Summary: An Examination of the "names" prophesied by Isaiah, to help the audience consider what a blessing it is that Jesus came and to live life in light of that great help
Congratulations! It’s a boy! You have a baby boy! Mazzletov!
I know, I know, you have all kinds of reasons that you shouldn’t have Him. You’re not ready yet, or you’re too old. You can’t afford it. Everybody has their list of reasons that they shouldn’t have a baby.

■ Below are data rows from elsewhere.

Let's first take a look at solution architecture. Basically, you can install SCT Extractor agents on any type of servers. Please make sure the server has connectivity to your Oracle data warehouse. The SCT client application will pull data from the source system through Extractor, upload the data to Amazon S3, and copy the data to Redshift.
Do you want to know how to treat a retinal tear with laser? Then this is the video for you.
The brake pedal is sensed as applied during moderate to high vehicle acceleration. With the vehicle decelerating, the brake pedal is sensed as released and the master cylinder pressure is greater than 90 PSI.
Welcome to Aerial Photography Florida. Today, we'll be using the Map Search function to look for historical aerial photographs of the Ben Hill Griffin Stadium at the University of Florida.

Believe me, I know! It was 1965. My parents, who already had 5 children, announced to my 17 year old brother Dan the good news that he was going to have yet another little brother or sister. You’d think he’d be thrilled. Instead he said, “O great, just what this family needs – another mouth to feed!” There aren’t many baby pictures of that 6th and final Nichols baby.
Everyone has their reasons that you can’t add a baby boy to the house, right?

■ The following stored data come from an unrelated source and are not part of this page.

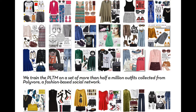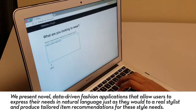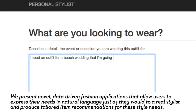In this paper, we use polylingual topic modeling to expose the elements of fashion style. We train the PLTM on more than half a million outfits collected from Polyvore, a fashion-based social network. We present novel, data-driven fashion applications that allow users to express their needs in natural language just as they would to a real stylist, and produce tailored item recommendations for these style needs.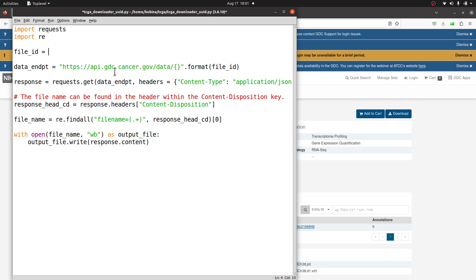Double quotes, and then paste the ID and then another double quote because we want a string data type. This is it. Once you are done that, you don't need to do any other thing.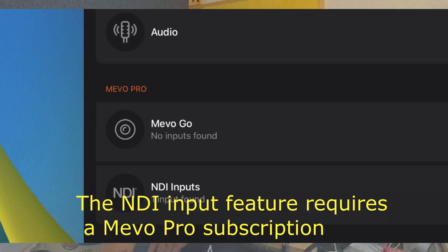NDI is a protocol developed by NewTek. It was a way for camera video to be sent over IP networks.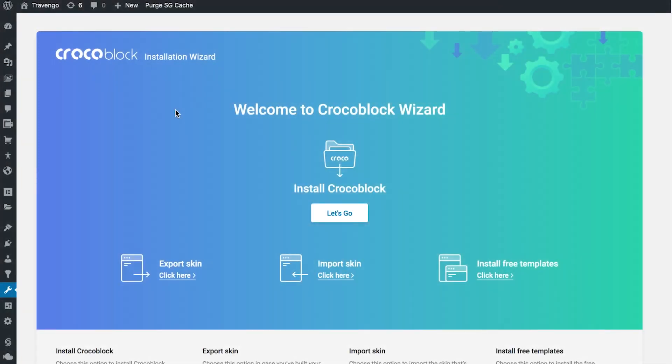Hi everyone and welcome to this tutorial. In this video I'm going to walk you through the steps of installing the Crocoblock package with the help of the Crocoblock Wizard. If you also want to know how you can export and import your skins and install free templates with Crocoblock Wizard, you can check the corresponding tutorials linked in the description. In this video we're going to focus solely on the process of installing the Crocoblock package.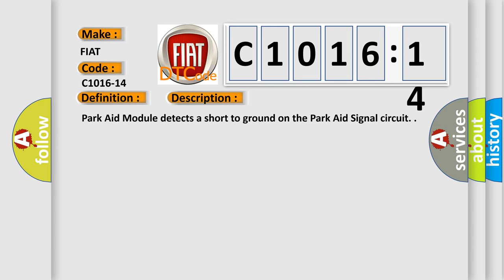And now this is a short description of this DTC code. ParkAid module detects a short to ground on the ParkAid signal circuit.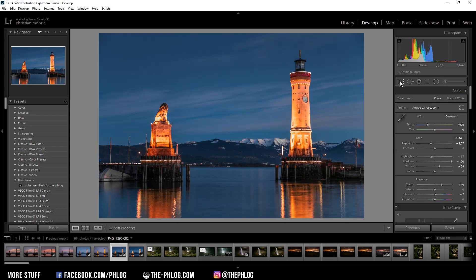So that's it for editing this blue hour image. I hope you found this quick edit video quite helpful. And if you'd like to see more content like this, then please remember to subscribe to my channel. And thank you very much for watching this video.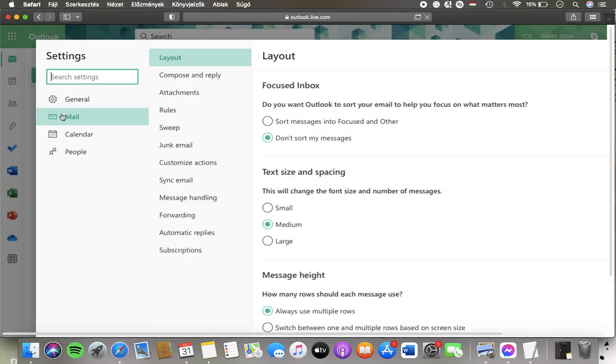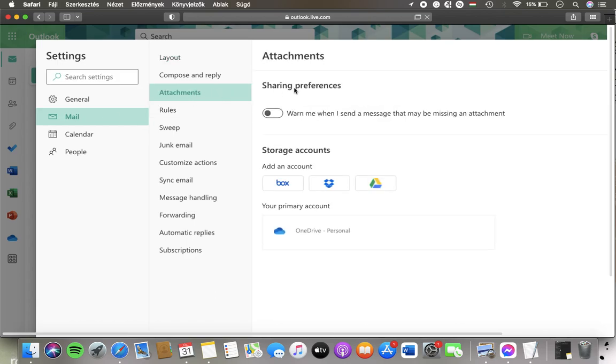Tap on mail in the first column and then click on attachments which is the third category. Go to sharing preferences and here you can set up a notification or an alert that will warn you when you send a message that might be missing an attachment.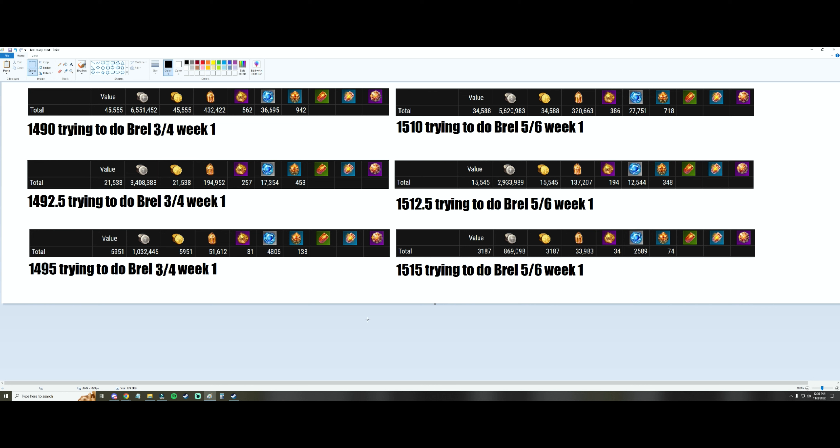On the right hand side I have the 1510 parking spots if you're trying to do Brelshaza five and six on a character on week one. So those parking spots are 1510, 1512.5, and 1515.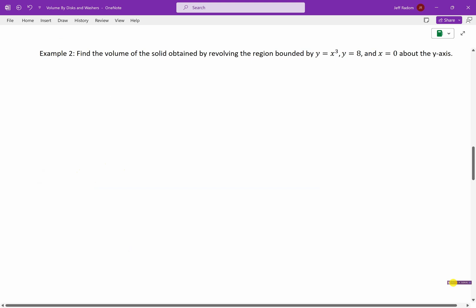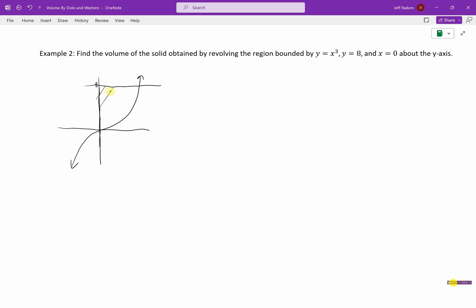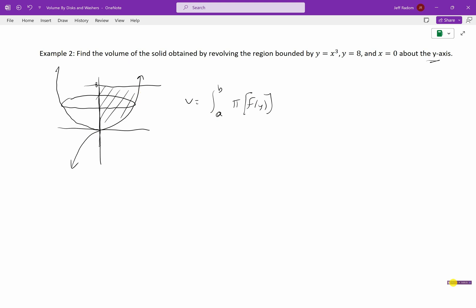Find the volume of the solid obtained by revolving the region bounded by y equals x cubed, y equals 8, and x equals 0. A quick sketch: y equals x cubed looks like this, y equals 8 is a horizontal line up here, and x equals 0 is our vertical line. We're talking about this region, and we're going to revolve it about the y-axis. Our circles this time go this way. The volume is the integral from a to b of π·f(y)² dy, where a to b is the spread on our y-axis.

Isaiah writes to Israel in 9:6 – to us a child is born, to us a son is given. It’s not just for them. In fact, Jesus wouldn’t even hit the scene for another 700 years or so.
But the angel told the shepherds, Today in the town of David a Savior has been born to you;
John later wrote that God gave His one and only Son. Gave Him. To us, a son is given! So, congratulations! You have a son!
Do we really need Him? Is that really the answer to life’s challenges? A baby?
Israel surely was asking questions like that. There was little doubt that they needed something.
It was during Isaiah’s days that the northern 10 tribes were overrun and taken apart by Assyria.
In the time of Pekah king of Israel, Tiglath-Pileser king of Assyria came and took…Gilead and Galilee, including all the land of Naphtali, and deported the people to Assyria.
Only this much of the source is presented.